Prof. Joachim von Gottberg ist Chefredakteur der Fachzeitschrift MEDIENDISKURS.

Die Idee, einen Rundfunksender mit dem Namen British Broadcasting Company zu gründen, kam zunächst von den Elektrogeräteherstellern, die ein Radioprogramm brauchten, um ihre neuen Rundfunkapparate absetzen zu können. Deshalb gründeten sie am 18. Oktober 1922 die BBC, die einen Monat später, am 15. November 1922, zum ersten Mal auf Sendung ging. Der Hörerkreis war eher übersichtlich, in London konnten ungefähr 10.000 Menschen die BBC hören, eine Ausstrahlung in Manchester erreichte ungefähr 3.000 Menschen.

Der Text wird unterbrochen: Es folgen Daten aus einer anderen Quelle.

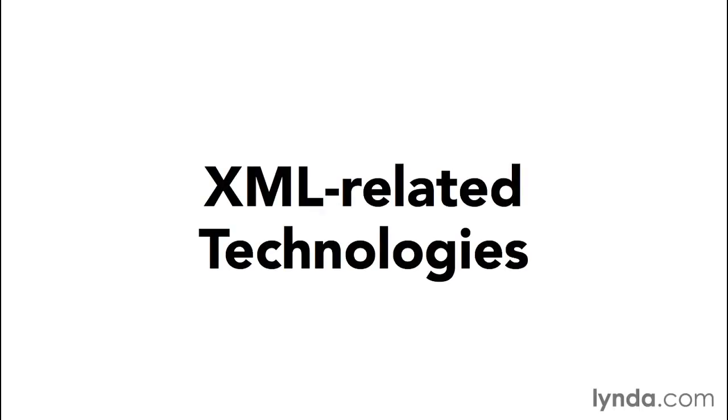In addition to XML itself, there are certain related technologies that make working with XML to solve certain problems easier and more productive, and we'll take a look at those now.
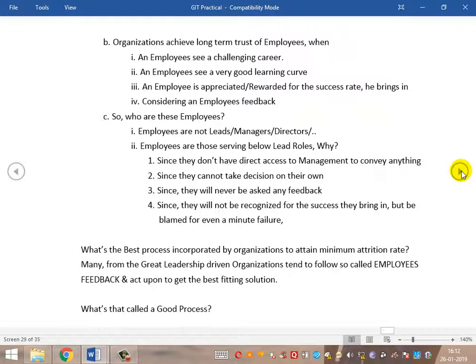Organizations achieve long-term trust from employees when an employee sees a challenging career, a good learning curve, and is appreciated or rewarded — even if not in monetary terms. The fourth important point is considering feedback from every dedicated employee. When an organization gives at least a minimum benefit for their learning curve, at least an appreciation or rewarding for the success they bring in, or a challenging atmosphere — employees try to learn more and spend more time in the organization.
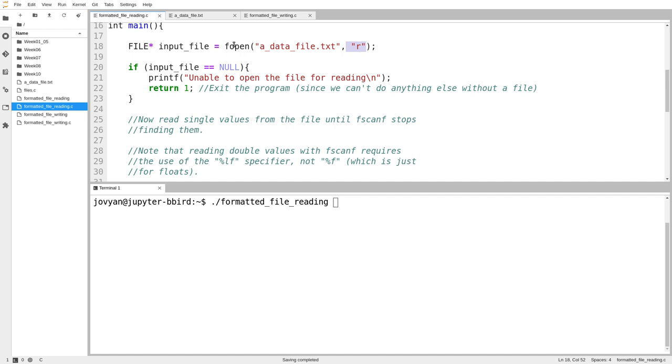If fopen fails, it will return the value null. And we know already that null is a great value to use as a signal when you're working with pointers that the pointer points to nothing.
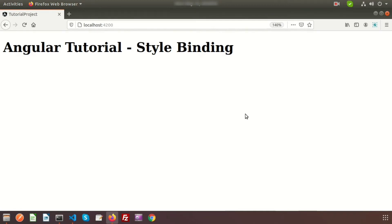Hi friends, welcome back to the Angular tutorial. We already discussed event binding, property binding, and class binding in our previous video. The only thing left is style binding, so in this video I will cover how to do style binding in Angular. We can set inline styles of an HTML element using style binding, and we can add styles conditionally to create dynamic styling.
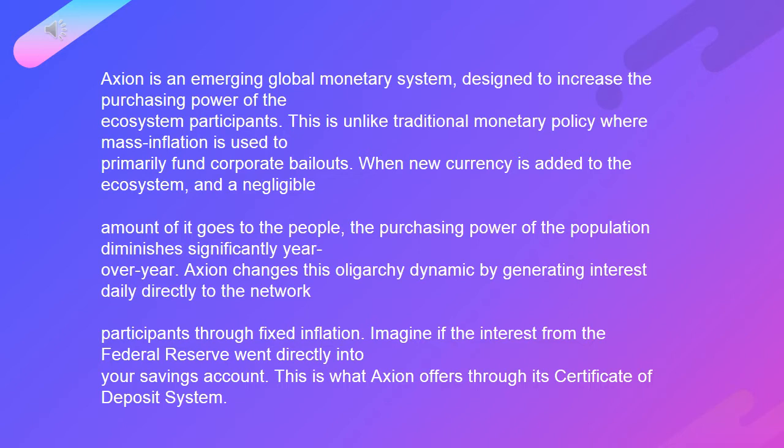This is unlike traditional monetary policy where mass inflation is used to primarily fund corporate bailouts. When new currency is added to the ecosystem, the amount that goes to the people is negligible.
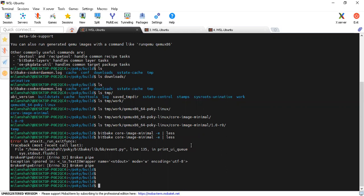Let's see what core-image-minimal contains and how it builds. I'm in the Poky directory and have done the source oe-init-build-env script. Now I'm going to go into the environment file of core-image-minimal.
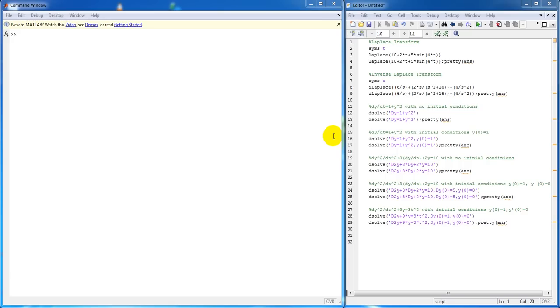Hi, my name is Asia, and today I'll be teaching you how to evaluate Laplace and inverse Laplace transforms, as well as solve for differential equations using MATLAB software.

Online seit 31.10.2022: https://mediendiskurs.online/beitrag/die-britische-bbc-feiert-ihren-100-geburtstag-beitrag-1122/

 

 

Aber die Erfahrung mit privater Presse war in Großbritannien nicht sehr gut, viele Menschen hatten Angst vor Falschinformationen, durch die auch Wahlen hätten beeinflusst werden können. Man hatte „die Erfahrung, dass die britische Presse während des Ersten Weltkriegs die Bevölkerung nicht immer wahrheitsgemäß informiert hatte – etwa, wenn es darum ging, wie viele Soldaten gefallen waren. […] [Das hat] dazu geführt, die BBC als öffentlich-rechtlichen Rundfunk zu gestalten, der unabhängig vom Staat und unabhängig von der Wirtschaft sein sollte und der Bevölkerung ermöglichen sollte, sich ihre eigene Meinung zu bilden.“ (Köhler 2022)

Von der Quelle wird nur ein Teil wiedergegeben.